Most states require social workers to have licensing. However, this varies significantly state by state. The Association of Social Work Boards can provide all the information for licensing in your state.
Skills and relevant work experience
As well as the relevant education, child, family and school social workers will need to have the following skills:
- Written and verbal communication skills are essential as social workers need to clearly communicate their ideas to others in a way that others will understand
- Critical thinking skills are essential as child, family and school social workers will need to use logic and reasoning to identify appropriate solutions to any problem
- Social perceptiveness and open-mindedness is key as social workers will have to work with lots of different people, and with people from different religions, cultures and backgrounds
- Decision making is a key skill as child, family and school social workers will need to make efficient decisions, keeping in mind the costs and benefits
- Active listening is key as social workers need to give their full attention to their clients in order to understand them and build relationships based on trust and communication
As these kinds of social workers tend to work in schools, they normally work normal full-time hours (8am to 5pm Monday to Friday). However, child, family and school social workers may have to work additional hours if close to a deadline (e.g., custody hearing date or child abuse hearing) or if there is a higher workload.

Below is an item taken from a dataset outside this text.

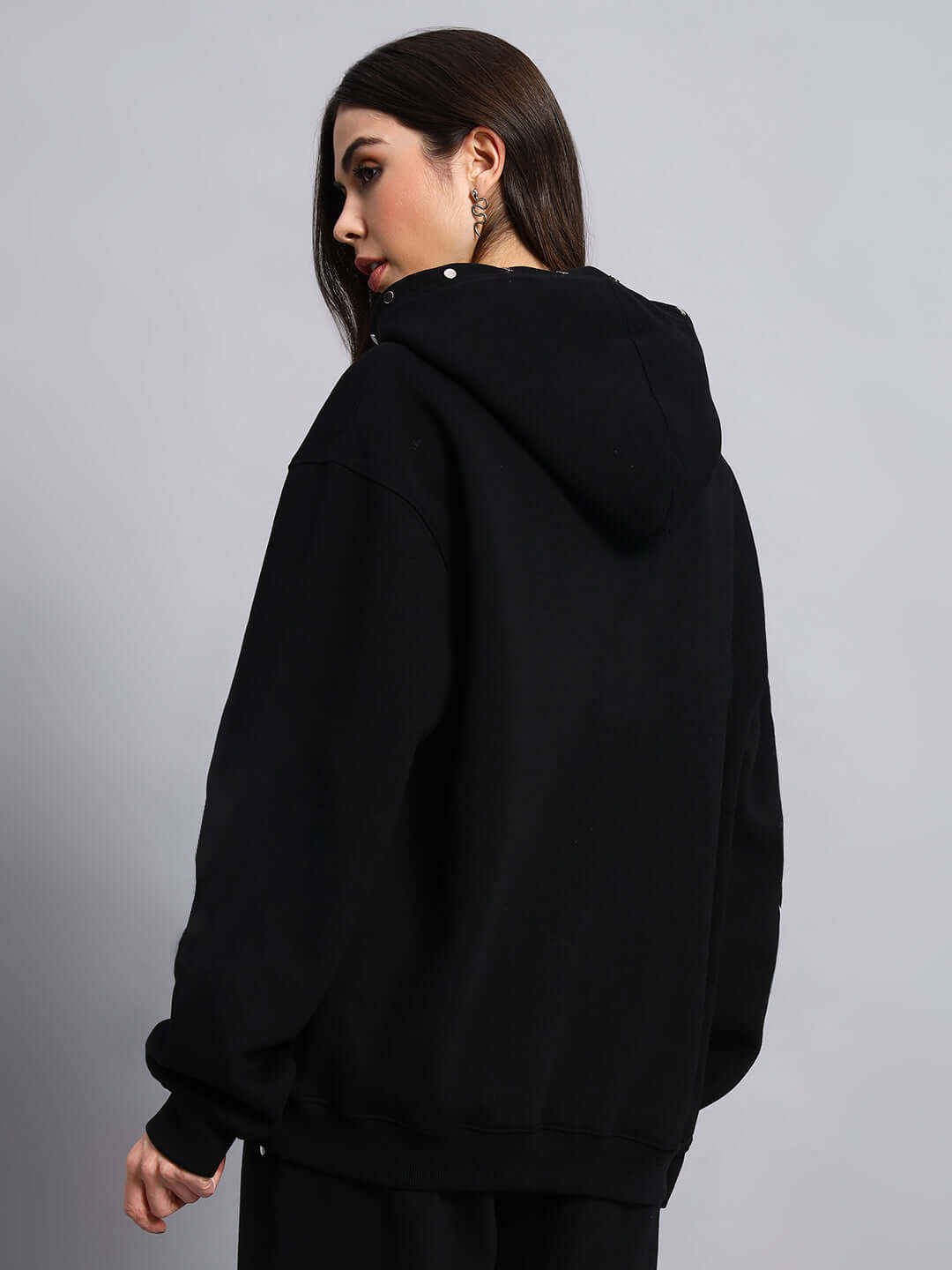 Woman wearing WOMEN RIGID FLEECE HOODIE BLACK from the back, showcasing comfortable fit and design.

According to the Bureau of Labor Statistics, the average salary of a child, family and school social worker in the United States to be $46,270 in 2018. The bottom 10% earned less than $29,550 per year and the top 10% earned more than $76,750 per year.
Employment of child, family and school social workers is projected to grow 7 percent from 2018 to 2028, which is faster than the average for all occupations. This is because, more than ever, there is a focus on social work to strengthen parenting skills and keep children safe. There is also going to be a rise in enrollment rates in schools in the coming years, meaning more social workers will be needed, providing lots of employment opportunities.
Child, family and school social workers can also progress to become service managers or assistant director of social work departments with the correct experience.